Stowarzyszenie "Lepszy Radom" założyli politycy, którzy do tej pory działali pod głównym szyldem Bezpartyjnych Samorządowców, a w ostatnich wyborach samorządowych startowali np. z list komitetu Roberta Prygla. Jak podkreślają, chcą być mocną siłą polityczną w naszym mieście. Dodają, że stowarzyszenie nadal będzie wchodziło w skład Bezpartyjnych Samorządowców.
- W Radomiu nie mamy praktycznie żadnej opozycji wobec władzy prezydenta Witkowskiego. Prawo i Sprawiedliwość dokonało wielkiej kompromitacji, bowiem dwójka przewodniczących rady miejskiej z tej formacji - pani Kinga Bogusz oficjalnie przeszła na stronę prezydenta, pan Dariusz Wójcik nieoficjalnie skierował się w tamte strony. Prawo i Sprawiedliwość nie ma już żadnej wiarygodności dla wyborców opozycji w Radomiu. My chcemy zagospodarować tę przestrzeń - mówi Filip Waligórski, członek stowarzyszenia.

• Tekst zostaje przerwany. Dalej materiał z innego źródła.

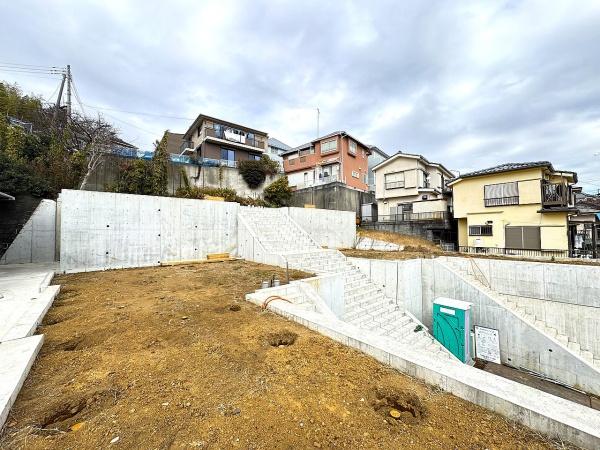 東永谷３丁目４期/全４棟１号棟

https://www.cozadzien.pl/zdjecia/konferencja-bezpartyjnych-samorzadowcow-zdjecia/103505
Stąd też już podjęte inicjatywy. Pierwsza z nich to obywatelski projekt uchwały w sprawie przywrócenia poprzednich godzin obowiązywania strefy płatnego parkowania, tzn. od godziny 8 do 16. Decyzją radnych, od 1 września strefa została wydłużona do godz. 18. - Jest taką pewną formą wykluczenia i dyskryminacji biedniejszych mieszkańców Radomia. W naszej opinii będzie to też nieco dysfunkcyjne dla przedsiębiorców, działających na terenie płatnego parkowania - tłumaczy Wojciech Bernat ze stowarzyszenia "Lepszy Radom".
Kolejny projekt to zmiana liczby podpisów, które są wymagane do tego, aby rada miejska zajęła się obywatelskim projektem uchwały. Obecnie podpis pod taką uchwałą musi złożyć 500 osób. Członkowie stowarzyszenia proponują, żeby zmienić ten zapis i żeby do obywatelskiej inicjatywy uchwałodawczej potrzebne było "tylko" 300 podpisów. - Jaka to dostępność obywateli do różnych inicjatyw, jeżeli trzeba zebrać aż tak dużą liczbę podpisów. To już na poziomie podstawowym zniechęca inicjatorów wielu projektów, działaczy społecznych do podejmowania takich działań i zmieniania naszego miasta - mówi Bernat.
Członkowie stowarzyszenia "Lepszy Radom" zapewniają, że w najbliższych tygodniach i miesiącach będą podejmować kolejne inicjatywy, które mają poprawić życie mieszkańców, a także samo funkcjonowanie naszego miasta.